Here is an implementation of the Neural Spline Flow (NSF) based off of distrax documentation for a flow. For a more detailed walkthrough of the math behind normalizing flow, see this notebook's example using MNIST. Code to load 2 moons example dataset sourced from Chris Waites's jax-flows demo.

In [2]:

import os
import matplotlib.pyplot as plt
from IPython.display import clear_output
from sklearn import datasets, preprocessing
import jax
import jax.numpy as jnp
import numpy as np

try:
    from probml_utils import savefig, latexify
except ModuleNotFoundError:
    %pip install -qq git+https://github.com/probml/probml-utils.git
    from probml_utils import savefig, latexify
try:
    import tensorflow as tf
except ModuleNotFoundError:
    %pip install -qq tensorflow
    import tensorflow as tf
try:
    import tensorflow_datasets as tfds
except ModuleNotFoundError:
    %pip install -qq tensorflow tensorflow_datasets
    import tensorflow_datasets as tfds
try:
    import distrax
except ModuleNotFoundError:
    %pip install -qq distrax
    import distrax
try:
    import haiku as hk
except ModuleNotFoundError:
    %pip install -qq -U dm-haiku
    import haiku as hk
try:
    import optax
except ModuleNotFoundError:
    %pip install -qq optax
    import optax

try:
    from tensorflow_probability.substrates import jax as tfp
except ModuleNotFoundError:
    %pip install -qq tensorflow-probability
    from tensorflow_probability.substrates import jax as tfp
tfd = tfp.distributions

Out[2]:

  Installing build dependencies ... done
  Getting requirements to build wheel ... done
    Preparing wheel metadata ... done
     |████████████████████████████████| 272 kB 4.9 MB/s 
     |████████████████████████████████| 88 kB 9.8 MB/s 
     |████████████████████████████████| 125 kB 63.6 MB/s 
     |████████████████████████████████| 72 kB 817 kB/s 
     |████████████████████████████████| 1.1 MB 59.6 MB/s 
  Building wheel for probml-utils (PEP 517) ... done
  Building wheel for TexSoup (setup.py) ... done
  Building wheel for umap-learn (setup.py) ... done
  Building wheel for pynndescent (setup.py) ... done
     |████████████████████████████████| 342 kB 5.0 MB/s 
     |████████████████████████████████| 145 kB 4.6 MB/s 

Plotting 2 moons dataset

Code taken directly from Chris Waites's jax-flows demo. This is the distribution we want to create a bijection to from a simple base distribution, such as a gaussian distribution.

In [16]:

latexify(width_scale_factor=1, fig_height=1.5)
n_samples = 10000
plot_range = [(-2, 2), (-2, 2)]
n_bins = 100

scaler = preprocessing.StandardScaler()
X, _ = datasets.make_moons(n_samples=n_samples, noise=0.05)
X = scaler.fit_transform(X)
plt.hist2d(X[:, 0], X[:, 1], bins=n_bins, range=plot_range)[-1]
plt.axis("off")
# plt.savefig("two-moons-nsf-flow-data.pdf") # pdf images show pixelation due to bins
plt.savefig("two-moons-nsf-flow-data.png")
plt.show()

Out[16]:

/usr/local/lib/python3.7/dist-packages/probml_utils/plotting.py:26: UserWarning: LATEXIFY environment variable not set, not latexifying
  warnings.warn("LATEXIFY environment variable not set, not latexifying")

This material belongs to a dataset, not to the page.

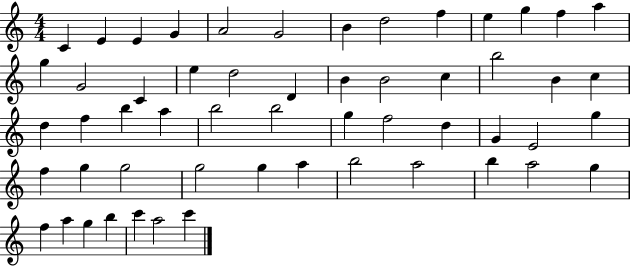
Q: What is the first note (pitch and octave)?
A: C4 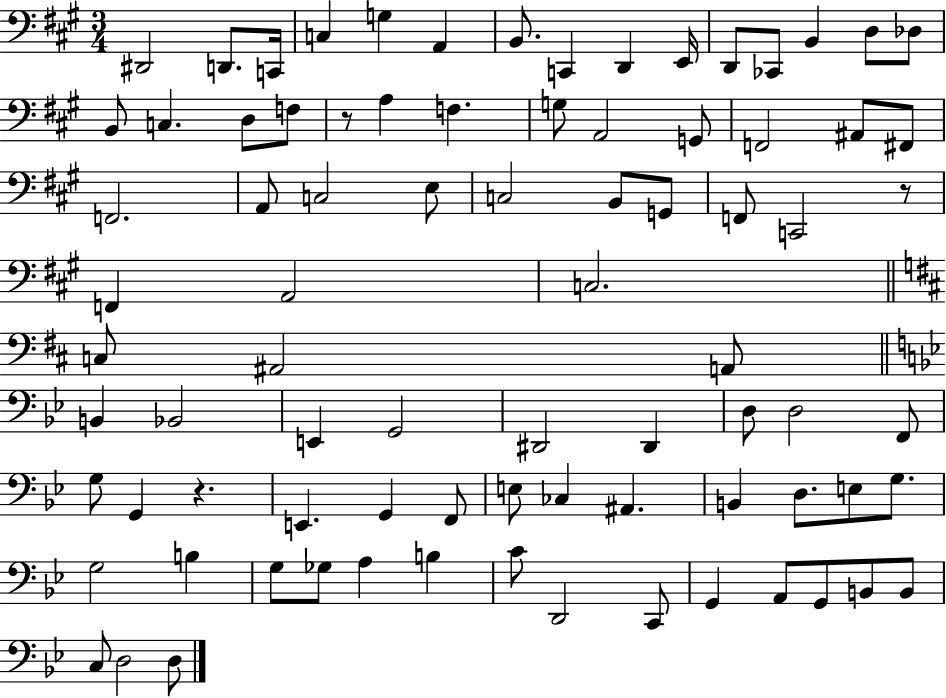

Creating the normalizing flow in distrax+haiku

Instead of a uniform distribution, we use a Gaussian distribution as the base distribution. This makes more sense for a standardized two moons dataset that is scaled according to a normal distribution using sklearn's StandardScaler(). Using a uniform base distribution will result in inf and nan loss.

In [4]:

from typing import Any, Iterator, Mapping, Optional, Sequence, Tuple

# Hyperparams - change these to experiment
flow_num_layers = 8
mlp_num_layers = 4
hidden_size = 1000
num_bins = 8
batch_size = 512
learning_rate = 1e-4
eval_frequency = 100

Array = jnp.ndarray
PRNGKey = Array
Batch = Mapping[str, np.ndarray]
OptState = Any


# Functions to create a distrax normalizing flow
def make_conditioner(
    event_shape: Sequence[int], hidden_sizes: Sequence[int], num_bijector_params: int
) -> hk.Sequential:
    """Creates an MLP conditioner for each layer of the flow."""
    return hk.Sequential(
        [
            hk.Flatten(preserve_dims=-len(event_shape)),
            hk.nets.MLP(hidden_sizes, activate_final=True),
            # We initialize this linear layer to zero so that the flow is initialized
            # to the identity function.
            hk.Linear(np.prod(event_shape) * num_bijector_params, w_init=jnp.zeros, b_init=jnp.zeros),
            hk.Reshape(tuple(event_shape) + (num_bijector_params,), preserve_dims=-1),
        ]
    )


def make_flow_model(
    event_shape: Sequence[int], num_layers: int, hidden_sizes: Sequence[int], num_bins: int
) -> distrax.Transformed:
    """Creates the flow model."""
    # Alternating binary mask.
    mask = jnp.arange(0, np.prod(event_shape)) % 2
    mask = jnp.reshape(mask, event_shape)
    mask = mask.astype(bool)

    def bijector_fn(params: Array):
        return distrax.RationalQuadraticSpline(params, range_min=-2.0, range_max=2.0)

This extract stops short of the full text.